The statement that the quadratic sieve is the fastest factoring method for numbers of less than 100 digits and that the number field sieve is the fastest otherwise is factually incorrect. Many numbers of hundreds of decimal digits have been factored with the elliptic curve algorithm and yet the sun would die of heat death before the quadratic sieve or number field sieve would factor them. Also, below about 40 digits, the quadratic sieve is not usually the best algorithm. In practice a cocktail of one or more of SQUFOF, P-1, P+1, elliptic curve method, Pollard-Rho, trial factoring and the Brent variant are used.

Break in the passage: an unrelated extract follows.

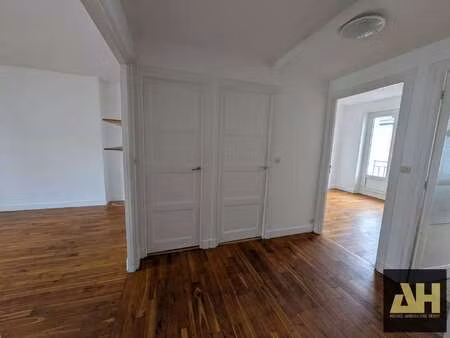 vente appartement 2 pièces à brest (29200) : à vendre 2 pièces / 49m² brest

The *only* correct statement is that the number field sieve is asymptotically the fastest known algorithm for factoring general integers. The quadratic sieve held this title until the NFS was invented. The elliptic curve method has the same asymptotics, but depends only on the size of the factor, not the number being factored. This makes the elliptic curve algorithm your only hope in certain situations.

For numbers of a special form, many faster algorithms exist, e.g: Zhang's sieve, hybrid QS-GNFS's, the special number field sieve, certain variants of Fermat's algorithm (even special numbers of thousands of digits can be factored with these), etc, etc. Thus the qualifier of "general integer" is required when talking about comparative times. - wbhart 86.20.38.38 04:02, 11 February 2007 (UTC)

Heat death refers to the death of the universe, and according to current models will take 101000 years, which is more than enough time to factor numbers with 100s of digits. I think you meant to say the Sun would die of gravitational collapse. Arvindn 06:15, 12 February 2007 (UTC)

It is the second fastest (randomized) algorithm for general inputs, as stated in the third sentence: "It is a general-purpose factorization algorithm, meaning that its running time depends solely on the size of the integer to be factored, and not on special structure or properties." No other algorithms can ensure a better running time on all possible inputs (except the NFS for big inputs). It is a Las Vegas algorithm, which can ensure the running time under certain mathematical conditions (which hold with a high probability). Of course for some specific Inputs there were faster algorithms. The running time of these algorithms depend on certain conditions of the number to factorize. The running time of the ECM depends on the (length) of the factors. --87.234.198.146 14:45, 20 February 2007 (UTC)

Right, but that is not what the article says in the first sentence. wbhart —The preceding unsigned comment was added by 86.20.36.114 (talk) 12:17, 6 April 2007 (UTC).

[edit] Partial Relations & Cycles = Large Primes?

As I see it the section labeled "partial relations and cycles" is identical to the methods described in section "large primes." The latter seems to do a much more concise job with the description. Am I right or wrong on this?